An Example with Data from the nycflights13 Package

Now, yet another example. This time with an external dataset. Let's use the nycflights13 package to prepare some data frames and then create a graph diagram:

# Get the 'nycflights13' package if not already installed
# install.packages('nycflights13')
 
# Get the 'lubridate' package if not already installed
# install.packages('lubridate')
 
# Get the latest build of the 'DiagrammeR' package from GitHub
devtools::install_github('rich-iannone/DiagrammeR')
 
library("nycflights13")
library("lubridate")
library("DiagrammeR")
library("pipeR")
 
# Choose a day from 2013 for NYC flight data
# (You can choose any Julian day, it's interesting to see results for different days)
day_of_year <- 10 

# Get a data frame of complete cases (e.g., flights have departure and arrival times)
nycflights13 <-
  nycflights13::flights[which(complete.cases(nycflights13::flights) == TRUE), ]

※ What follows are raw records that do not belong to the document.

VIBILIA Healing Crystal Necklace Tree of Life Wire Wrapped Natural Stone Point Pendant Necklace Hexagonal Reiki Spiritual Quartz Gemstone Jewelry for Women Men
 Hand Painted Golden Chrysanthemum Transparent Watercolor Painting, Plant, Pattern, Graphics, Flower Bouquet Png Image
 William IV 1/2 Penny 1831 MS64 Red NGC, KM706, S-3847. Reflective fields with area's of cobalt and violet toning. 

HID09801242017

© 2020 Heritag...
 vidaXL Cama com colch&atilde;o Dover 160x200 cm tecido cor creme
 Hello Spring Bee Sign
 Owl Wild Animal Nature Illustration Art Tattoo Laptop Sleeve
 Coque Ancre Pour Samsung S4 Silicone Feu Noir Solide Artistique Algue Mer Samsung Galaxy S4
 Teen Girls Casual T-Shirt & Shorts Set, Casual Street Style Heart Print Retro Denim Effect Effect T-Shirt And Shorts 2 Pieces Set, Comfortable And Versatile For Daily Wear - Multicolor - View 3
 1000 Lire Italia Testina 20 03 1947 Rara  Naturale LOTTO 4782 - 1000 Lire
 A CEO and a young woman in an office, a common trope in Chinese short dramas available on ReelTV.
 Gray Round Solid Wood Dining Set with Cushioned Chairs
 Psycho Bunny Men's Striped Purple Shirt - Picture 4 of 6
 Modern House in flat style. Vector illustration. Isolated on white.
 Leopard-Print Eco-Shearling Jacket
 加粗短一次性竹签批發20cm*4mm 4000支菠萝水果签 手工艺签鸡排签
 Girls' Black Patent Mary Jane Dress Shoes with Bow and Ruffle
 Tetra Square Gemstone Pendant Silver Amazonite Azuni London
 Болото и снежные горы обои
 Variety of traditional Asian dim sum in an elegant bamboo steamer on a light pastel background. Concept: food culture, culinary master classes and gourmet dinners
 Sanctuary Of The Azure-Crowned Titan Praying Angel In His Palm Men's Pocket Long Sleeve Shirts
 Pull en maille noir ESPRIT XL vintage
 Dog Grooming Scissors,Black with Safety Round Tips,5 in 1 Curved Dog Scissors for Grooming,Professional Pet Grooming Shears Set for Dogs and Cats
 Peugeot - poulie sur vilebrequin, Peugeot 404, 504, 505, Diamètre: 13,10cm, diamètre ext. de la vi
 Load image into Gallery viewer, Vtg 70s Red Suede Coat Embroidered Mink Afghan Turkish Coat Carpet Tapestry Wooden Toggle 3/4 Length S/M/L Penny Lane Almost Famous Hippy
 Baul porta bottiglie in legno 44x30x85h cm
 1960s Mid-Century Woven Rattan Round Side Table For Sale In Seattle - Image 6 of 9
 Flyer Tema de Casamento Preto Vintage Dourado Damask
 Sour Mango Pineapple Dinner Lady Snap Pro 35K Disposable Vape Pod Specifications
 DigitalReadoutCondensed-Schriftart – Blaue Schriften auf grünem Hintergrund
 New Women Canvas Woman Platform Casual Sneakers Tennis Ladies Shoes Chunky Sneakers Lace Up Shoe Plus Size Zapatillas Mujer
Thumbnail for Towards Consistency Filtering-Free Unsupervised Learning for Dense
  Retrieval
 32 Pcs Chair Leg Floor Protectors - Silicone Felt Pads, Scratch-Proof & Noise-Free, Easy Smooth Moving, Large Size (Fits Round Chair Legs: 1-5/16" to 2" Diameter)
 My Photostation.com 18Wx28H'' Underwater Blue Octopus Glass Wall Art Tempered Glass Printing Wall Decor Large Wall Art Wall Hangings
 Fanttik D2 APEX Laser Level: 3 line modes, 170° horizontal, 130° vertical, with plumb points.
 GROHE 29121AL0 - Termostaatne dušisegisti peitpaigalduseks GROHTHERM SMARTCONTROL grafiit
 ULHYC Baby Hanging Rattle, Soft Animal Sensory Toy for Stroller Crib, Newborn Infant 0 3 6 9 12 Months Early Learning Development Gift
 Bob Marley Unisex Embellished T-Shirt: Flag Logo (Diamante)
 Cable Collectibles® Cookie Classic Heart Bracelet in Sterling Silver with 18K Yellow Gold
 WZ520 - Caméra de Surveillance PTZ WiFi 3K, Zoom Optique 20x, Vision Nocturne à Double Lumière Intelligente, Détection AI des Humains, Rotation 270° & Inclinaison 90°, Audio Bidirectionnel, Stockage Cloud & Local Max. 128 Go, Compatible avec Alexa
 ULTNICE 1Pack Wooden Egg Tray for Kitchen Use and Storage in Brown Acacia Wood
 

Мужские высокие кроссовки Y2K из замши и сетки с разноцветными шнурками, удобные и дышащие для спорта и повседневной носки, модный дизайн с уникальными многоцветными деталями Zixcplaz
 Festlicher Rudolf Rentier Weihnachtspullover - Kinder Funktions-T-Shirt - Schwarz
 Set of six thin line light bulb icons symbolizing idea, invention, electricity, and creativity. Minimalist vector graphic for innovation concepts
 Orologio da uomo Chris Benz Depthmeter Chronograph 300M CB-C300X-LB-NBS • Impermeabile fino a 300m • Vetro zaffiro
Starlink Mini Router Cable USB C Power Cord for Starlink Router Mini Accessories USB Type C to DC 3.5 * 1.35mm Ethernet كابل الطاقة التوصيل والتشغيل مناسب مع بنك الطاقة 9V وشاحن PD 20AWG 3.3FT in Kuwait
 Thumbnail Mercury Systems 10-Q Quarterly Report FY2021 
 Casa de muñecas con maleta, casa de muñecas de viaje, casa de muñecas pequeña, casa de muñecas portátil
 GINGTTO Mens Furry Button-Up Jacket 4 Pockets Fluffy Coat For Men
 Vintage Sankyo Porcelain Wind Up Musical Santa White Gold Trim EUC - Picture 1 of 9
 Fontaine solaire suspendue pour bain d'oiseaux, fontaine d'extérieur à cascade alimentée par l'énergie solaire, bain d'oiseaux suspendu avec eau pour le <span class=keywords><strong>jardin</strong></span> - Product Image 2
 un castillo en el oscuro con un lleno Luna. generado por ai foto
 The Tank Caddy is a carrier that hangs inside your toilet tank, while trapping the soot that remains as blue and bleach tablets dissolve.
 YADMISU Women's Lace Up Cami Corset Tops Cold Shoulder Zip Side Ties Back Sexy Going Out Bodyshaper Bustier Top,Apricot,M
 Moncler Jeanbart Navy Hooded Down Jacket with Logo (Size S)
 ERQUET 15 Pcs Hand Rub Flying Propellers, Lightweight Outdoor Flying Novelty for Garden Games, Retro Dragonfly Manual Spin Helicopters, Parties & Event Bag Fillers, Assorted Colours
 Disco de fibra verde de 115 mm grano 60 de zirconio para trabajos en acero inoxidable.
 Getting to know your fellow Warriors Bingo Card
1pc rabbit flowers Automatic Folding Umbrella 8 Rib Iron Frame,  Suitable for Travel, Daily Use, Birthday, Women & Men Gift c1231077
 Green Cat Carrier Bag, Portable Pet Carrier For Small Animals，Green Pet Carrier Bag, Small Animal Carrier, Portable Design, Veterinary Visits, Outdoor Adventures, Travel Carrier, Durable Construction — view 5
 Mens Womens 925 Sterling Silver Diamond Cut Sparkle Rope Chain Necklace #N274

# Generate a POSIXct vector of dates using the 'ISOdatetime' function
# Columns 1, 2, and 3 are year, month, and day columns
# Column 4 is a 4-digit combination of hours (00-23) and minutes (00-59)
date_time <-
  data.frame("date_time" =
               ISOdatetime(year = nycflights13[,1],
                           month = nycflights13[,2],
                           day = nycflights13[,3],
                           hour = gsub("[0-9][0-9]$", "", nycflights13[,4]),
                           min = gsub(".*([0-9][0-9])$", "\\1", nycflights13[,4]),
                           sec = 0, tz = "GMT"))

# Add the POSIXct vector 'date_time' to the 'nycflights13' data frame
nycflights13 <- cbind(date_time, nycflights13)

# Select flights only from the specified day of the year 2013
nycflights13_day <-
  subset(nycflights13,
         date_time >= ymd('2013-01-01', tz = "GMT") + days(day_of_year - 1) &
           date_time < ymd('2013-01-01', tz = "GMT") + days(day_of_year))

# Create the 'nodes' data frame where at least one column is named "nodes" or "node_id"
# Column 12 is the 3-letter code for the airport departing from
# Column 13 is for the airport arriving to
# (Option: change df to 'nycflights13_day' and only airports used for the day will be included)
nodes_df <- create_nodes(nodes = unique(c(nycflights13[,12],
                                    nycflights13[,13])),
                         label = FALSE)

# The 'edges' data frame must have columns named 'edge_from' and 'edge_to'
# The color attribute is determined with an 'ifelse' statement, where
# column 8 is the minutes early (negative values) or minutes late (positive values)
# for the flight arrival
edges_df <- create_edges(edge_from = nycflights13_day[,12],
                         edge_to = nycflights13_day[,13],
                         color = ifelse(nycflights13_day[,8] < 0,
                                    "green", "red"))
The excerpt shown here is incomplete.